== Your goal ==
What you produce should be an exact transcription of the data, minus any pictures.

== Source material ==
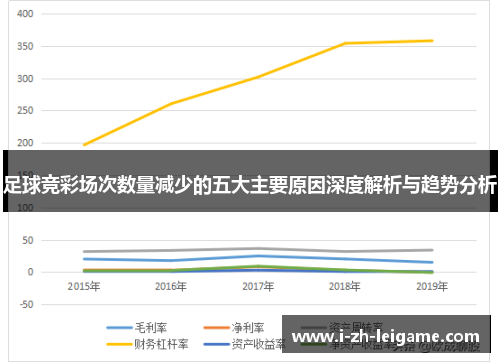 足球竞彩场次数量减少的五大主要原因深度解析与趋势分析 足球竞彩场次数量减少的五大主要原因深度解析与趋势分析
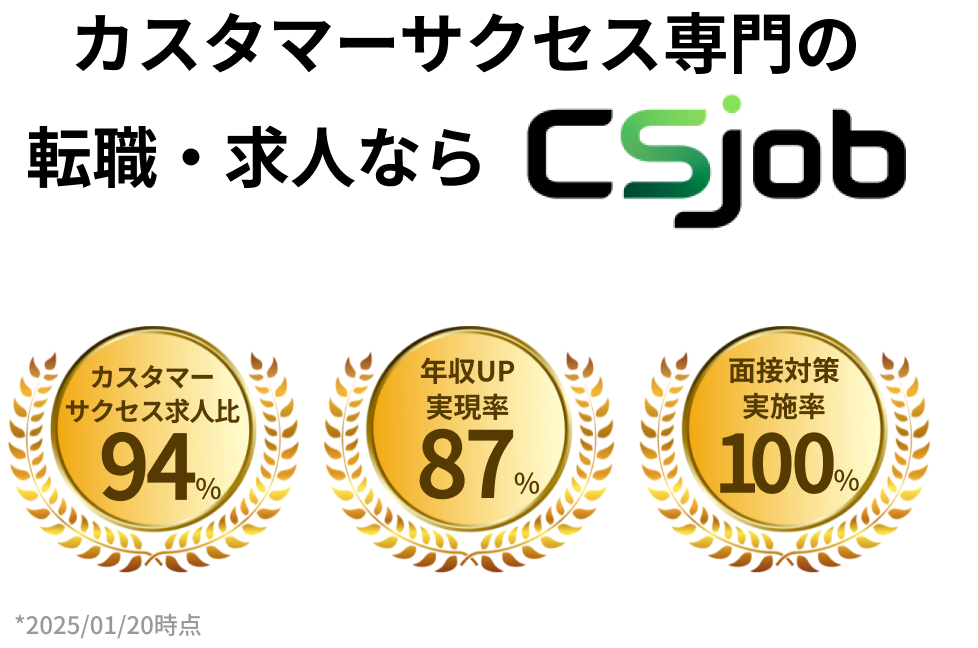 メダルとロゴ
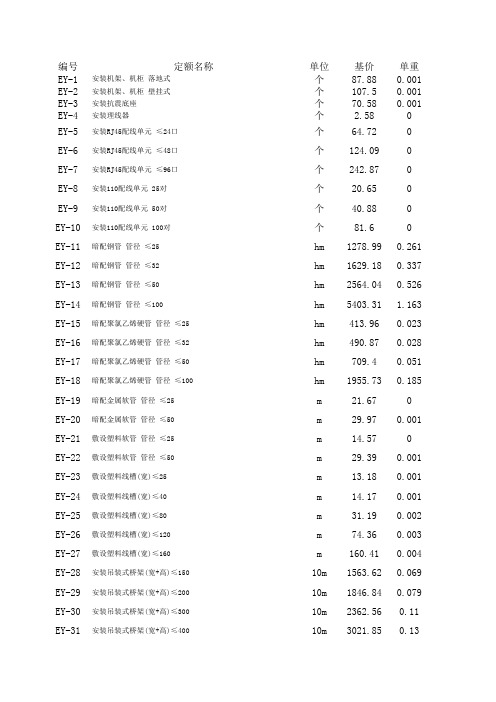 2016年铁路全套预算定额(综合布线、设备安装专用)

== Answer to this exercise ==
 足球竞彩场次数量减少的五大主要原因深度解析与趋势分析 足球竞彩场次数量减少的五大主要原因深度解析与趋势分析
 メダルとロゴ
 2016年铁路全套预算定额(综合布线、设备安装专用)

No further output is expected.